■ **Task item**
Only those lines in the data below from the line containing "Gallery image thumbnail" through the line containing "FAROL DIREITO S10 BLAZER 2001 A 2011 CROMADO", both included, should be restated word for word.

(Dataset excerpts)
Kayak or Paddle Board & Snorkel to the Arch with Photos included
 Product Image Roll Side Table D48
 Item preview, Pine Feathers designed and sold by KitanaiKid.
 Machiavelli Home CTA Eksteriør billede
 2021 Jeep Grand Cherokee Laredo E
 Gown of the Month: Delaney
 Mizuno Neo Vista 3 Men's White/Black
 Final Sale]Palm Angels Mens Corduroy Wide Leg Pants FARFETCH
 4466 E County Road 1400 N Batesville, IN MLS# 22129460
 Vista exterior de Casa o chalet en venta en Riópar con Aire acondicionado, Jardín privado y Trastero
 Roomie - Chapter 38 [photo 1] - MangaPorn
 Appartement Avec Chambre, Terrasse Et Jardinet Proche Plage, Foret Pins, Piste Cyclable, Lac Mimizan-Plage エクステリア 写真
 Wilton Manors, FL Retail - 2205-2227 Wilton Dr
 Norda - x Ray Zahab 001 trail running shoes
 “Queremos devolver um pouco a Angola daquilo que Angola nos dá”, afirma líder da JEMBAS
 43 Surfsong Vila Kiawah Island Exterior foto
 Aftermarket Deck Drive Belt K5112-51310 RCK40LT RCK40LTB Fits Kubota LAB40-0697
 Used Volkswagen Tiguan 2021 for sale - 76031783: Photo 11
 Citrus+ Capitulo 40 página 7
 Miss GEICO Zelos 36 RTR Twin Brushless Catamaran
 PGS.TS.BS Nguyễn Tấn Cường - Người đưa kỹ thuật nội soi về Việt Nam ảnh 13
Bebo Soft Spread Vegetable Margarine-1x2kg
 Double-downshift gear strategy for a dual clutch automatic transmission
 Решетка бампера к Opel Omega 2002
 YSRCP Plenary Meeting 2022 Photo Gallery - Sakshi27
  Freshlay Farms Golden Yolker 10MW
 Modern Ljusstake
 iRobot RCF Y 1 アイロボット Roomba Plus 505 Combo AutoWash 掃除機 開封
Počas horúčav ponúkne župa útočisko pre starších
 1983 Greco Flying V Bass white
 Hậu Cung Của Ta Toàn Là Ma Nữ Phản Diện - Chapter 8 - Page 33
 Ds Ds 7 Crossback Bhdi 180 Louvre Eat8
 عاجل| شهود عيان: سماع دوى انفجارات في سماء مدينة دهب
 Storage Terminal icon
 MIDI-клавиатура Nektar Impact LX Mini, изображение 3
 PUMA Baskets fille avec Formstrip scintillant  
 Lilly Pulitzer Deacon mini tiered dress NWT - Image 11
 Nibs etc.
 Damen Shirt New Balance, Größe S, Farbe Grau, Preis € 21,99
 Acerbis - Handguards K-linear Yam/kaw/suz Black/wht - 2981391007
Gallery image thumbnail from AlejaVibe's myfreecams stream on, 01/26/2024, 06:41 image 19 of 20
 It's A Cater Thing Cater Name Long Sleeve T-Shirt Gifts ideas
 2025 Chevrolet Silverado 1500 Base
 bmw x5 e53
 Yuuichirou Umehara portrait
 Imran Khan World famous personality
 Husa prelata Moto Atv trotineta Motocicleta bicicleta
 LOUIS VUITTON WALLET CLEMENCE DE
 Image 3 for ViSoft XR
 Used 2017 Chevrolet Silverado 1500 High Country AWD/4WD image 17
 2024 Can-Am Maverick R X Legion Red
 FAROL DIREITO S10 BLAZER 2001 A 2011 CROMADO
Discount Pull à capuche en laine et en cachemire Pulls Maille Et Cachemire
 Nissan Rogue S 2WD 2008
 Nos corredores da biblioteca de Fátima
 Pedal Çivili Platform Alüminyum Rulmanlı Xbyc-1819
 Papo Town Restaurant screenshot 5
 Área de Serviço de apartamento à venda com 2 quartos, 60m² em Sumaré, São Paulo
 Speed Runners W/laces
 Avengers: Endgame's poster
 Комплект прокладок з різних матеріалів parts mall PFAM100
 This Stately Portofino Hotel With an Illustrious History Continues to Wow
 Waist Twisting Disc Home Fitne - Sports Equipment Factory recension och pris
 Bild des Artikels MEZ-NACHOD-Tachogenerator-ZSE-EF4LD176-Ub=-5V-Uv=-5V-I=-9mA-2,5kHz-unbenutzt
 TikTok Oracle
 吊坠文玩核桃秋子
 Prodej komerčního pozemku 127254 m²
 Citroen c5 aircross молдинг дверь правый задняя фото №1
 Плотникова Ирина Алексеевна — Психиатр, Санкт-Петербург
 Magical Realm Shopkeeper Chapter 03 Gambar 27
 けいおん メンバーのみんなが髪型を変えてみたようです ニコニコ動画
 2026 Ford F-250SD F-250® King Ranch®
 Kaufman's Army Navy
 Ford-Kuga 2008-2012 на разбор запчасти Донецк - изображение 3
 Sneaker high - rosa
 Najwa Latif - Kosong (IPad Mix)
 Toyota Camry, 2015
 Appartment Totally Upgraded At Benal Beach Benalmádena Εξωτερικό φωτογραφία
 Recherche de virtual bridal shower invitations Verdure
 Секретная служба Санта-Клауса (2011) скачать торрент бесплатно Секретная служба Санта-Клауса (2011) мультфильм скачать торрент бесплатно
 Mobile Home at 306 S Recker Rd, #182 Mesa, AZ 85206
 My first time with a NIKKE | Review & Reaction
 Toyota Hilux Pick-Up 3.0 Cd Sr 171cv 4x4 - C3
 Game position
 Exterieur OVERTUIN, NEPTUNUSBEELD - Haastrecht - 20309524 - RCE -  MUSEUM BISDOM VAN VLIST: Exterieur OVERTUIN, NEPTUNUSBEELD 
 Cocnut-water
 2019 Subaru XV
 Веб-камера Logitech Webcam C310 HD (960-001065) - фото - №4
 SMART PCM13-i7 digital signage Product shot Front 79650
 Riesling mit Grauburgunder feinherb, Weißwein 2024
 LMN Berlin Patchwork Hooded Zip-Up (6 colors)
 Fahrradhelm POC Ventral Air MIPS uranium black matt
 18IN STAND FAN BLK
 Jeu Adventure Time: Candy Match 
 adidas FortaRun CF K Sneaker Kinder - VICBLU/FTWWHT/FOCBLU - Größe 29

■ **Result of the task**
Gallery image thumbnail from AlejaVibe's myfreecams stream on, 01/26/2024, 06:41 image 19 of 20
 It's A Cater Thing Cater Name Long Sleeve T-Shirt Gifts ideas
 2025 Chevrolet Silverado 1500 Base
 bmw x5 e53
 Yuuichirou Umehara portrait
 Imran Khan World famous personality
 Husa prelata Moto Atv trotineta Motocicleta bicicleta
 LOUIS VUITTON WALLET CLEMENCE DE
 Image 3 for ViSoft XR
 Used 2017 Chevrolet Silverado 1500 High Country AWD/4WD image 17
 2024 Can-Am Maverick R X Legion Red
 FAROL DIREITO S10 BLAZER 2001 A 2011 CROMADO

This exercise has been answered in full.